The old classic Gucci loafers are constructed in this manner. The key difference here is the deep channel which is cut in the outer sole and sealed up after stitching to the uppers. So when you look at the soles of these shoes they look glued on, but are in reality stitched. Obviously other shoes are made this way, but Gucci's are probably the most famous example, hence I have used them here. (Note that the plug/apron on Gucci's is first wrapped over the upper/quarters with a thin rope before stitching, but this doesn't affect the basic moccasin construction method.)

Diagram #5 (Tod's):

Just for information, the diagram shows how Tod's driving moccasins are constructed. Basically a pre-formed rubber insert is sewn to the uppers (which is pre-punched to fit the rubber nubs), the uppers are lasted upwards, and the apron/plug sewn to the top to close the shoe.

Overall, the key point to undertand about genuine moccasin constructed shoes is the way the uppers/quarters are lasted upwards around the last from the bottom up and sewn together at the top.


----------



## Doctor Damage (Feb 18, 2005)

*PART 2...*

*Non-Moccasin Construction Methods*

Now that a variety of methods of assembling genuine moccasin constructed shoes have been reviewed, how do these compare to other methods? Basically, there are two more which are particularly relevant here: Goodyear/welted and cemented. For trivia buffs, I also include turn-shoes. (Obviously, there are numerous other methods for constructing shoes, including athletic shoes, etc.)

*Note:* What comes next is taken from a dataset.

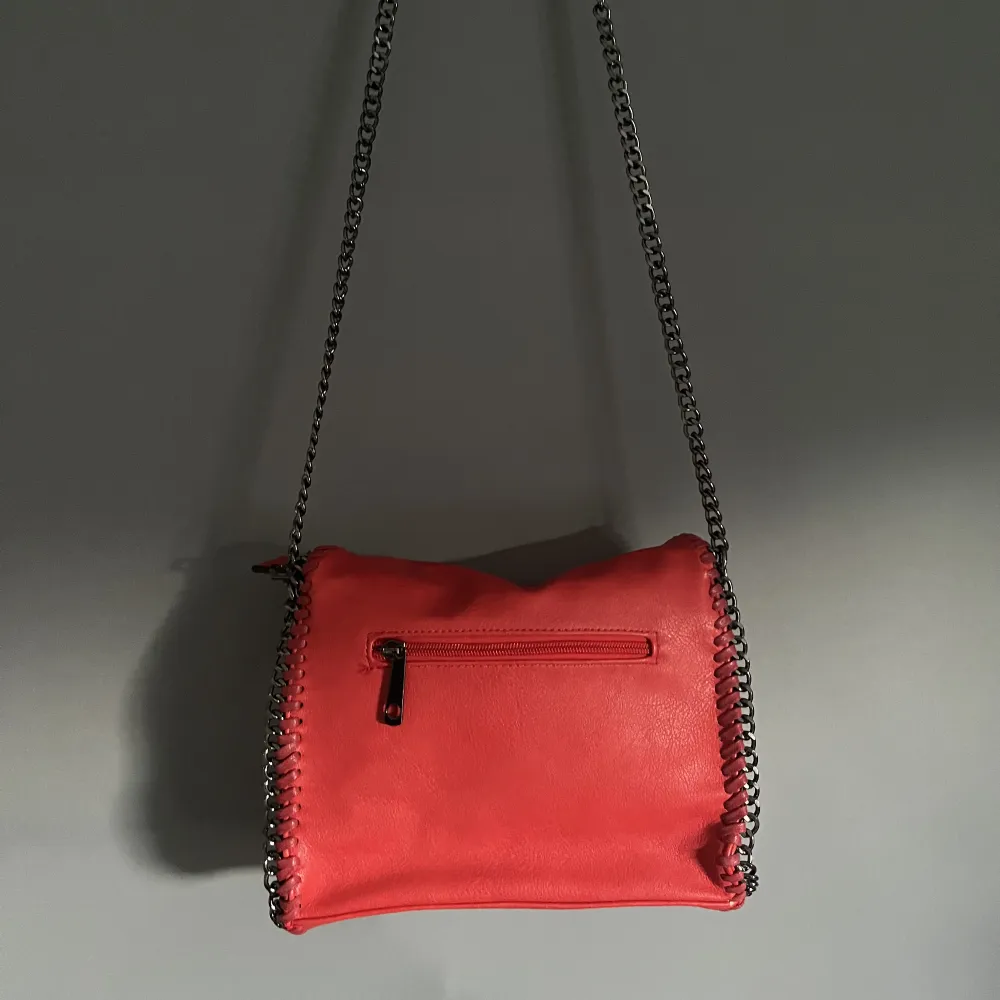 !Skriv innan köp! Röd snygg väska liknande Stella McCartney. Knappt använd. Inga fläckar eller defekter. . Väskor.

Diagram #6 (Goodyear/welted):

This is the most common method of constructing good quality shoes. In this method, the insole is tacked to the bottom of the last and a "feather" or ridge of leather is sculpted or attached around the edge of the insole. The uppers are stretched down over the last and nailed down to the insole. A long strip of leather, called the welt, is then sewn around the edge of the shoe by stitching through the feather and uppers. When complete, the feather, uppers, and welt are now stitched together - this gives the Goodyear/welted shoe its immense robustness and strength. Cork is used to fill in the gaps and the outer sole is glued to the bottom of the shoe and stitched to the edge of the welt only - this gives the Goodyear/welted shoe its longevity, since the outer sole is stitched to the welt only, it can be removed and replaced without disrupting the welt/upper/feather stitching. (If none of this makes sense, find a copy of Vass's book on bespoke shoes and stare at the photos for a while; you will reach that Eureka! moment when it all makes sense.)

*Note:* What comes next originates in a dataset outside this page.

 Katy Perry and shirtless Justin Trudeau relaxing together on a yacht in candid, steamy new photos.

Examples include the Alden tassel loafers and LHS. In fact, virtually all good quality lace-ups and tassel loafers are constructed using this method. Double-sole brogues and boots have a middle sole between the welt and the outer sole. (This method is modified with a welt that wraps the outside of the upper, such as in long-wing brogues, however this is not relevant to my discussion and so I have not include it here.)

Thus the LHS is a penny loafer with "moccasin" stitching around the toe, but it is not of genuine moccasin construction and is therefore correctly considered an imitation moccasin.

Diagram #7 (cemented):

This method is used for fancy house slippers, such as the "Albert" slippers sold by Brooks Brothers, Church's, Bowhill & Elliot, and Stubbs & Wooton. The insole is tacked to the bottom of the last, the uppers are down-lasted over the last and glued to the bottom of the insole, and the outer sole is glued on top of all of this to complete the shoe. Needless to say, this is a less robust method of constructing shoes and it is used mostly for lightweight slippers.

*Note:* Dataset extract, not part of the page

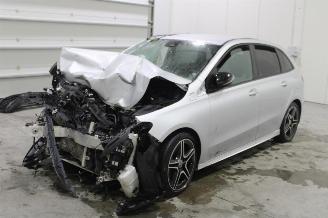 Salvage car Mercedes B-klasse B 180 2020/10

Overall, the key point here is that the uppers in Goodyear/welted (and cemented shoes) are lasted downwards over the last and attached together at the bottom of the shoe (using a variety of methods).

Diagram #8 (Belgian Shoes):

Just for fun, here's how Belgian Shoes are made. These are turn-shoes, a (literally) medieval method of shoe construction. The upper and outsole are sewn together around the edge when the shoe is inside-out, then the shoe in turned right-side-out, hence the name. Cork or a filler is used to fill out the bottom and an insole inserted. The last is inserted to shape the upper. For Belgian Shoes the apron/plug is sewn on top of the uppers to close the shoe, but turn shoes don't necessarily have an apron/plug. This method means the outer sole cannot be replaced when worn out, which is why Belgian Shoes recommends gluing on a rubber layer soon after purchase.


----------



## Doctor Damage (Feb 18, 2005)

*PART 3...*

*What Are The Implications Of Different Methods Of Shoe Construction For Moccasins?*

Because genuine moccasin constructed shoes are up-lasted and sewn together at the top, they have several unique features:
1. The stitching around the apron/plug adds stiffness to the toes, so no toe puff or stiffener is needed for the toes to keep their shape.
2. The stitching around the apron/plug can stretch, thereby allowing for slight changes in the volume of the shoes in the toe box. Beefrolls also allow some changes in volume around the instep as well.
3. The shoes can be constructed without linings and heel counters (although most include the latter), which means they re-shape to the foot more readily.
4. The soles can be very thin, which means a lighter shoe overall.

In summary, this means that genuine moccasin constructed shoes are pre-disposed to be softer, more flexible, and stretchable. Which is great for ready-to-wear shoes and for people who can't (or won't) afford bespoke shoes, and are tired of stiff shoes that never quite fit perfectly. On the other hand, genuine moccasin constructed shoes are more difficult to re-sole (depending on construction method) and provide much less support for the foot than Goodyear/welted shoes.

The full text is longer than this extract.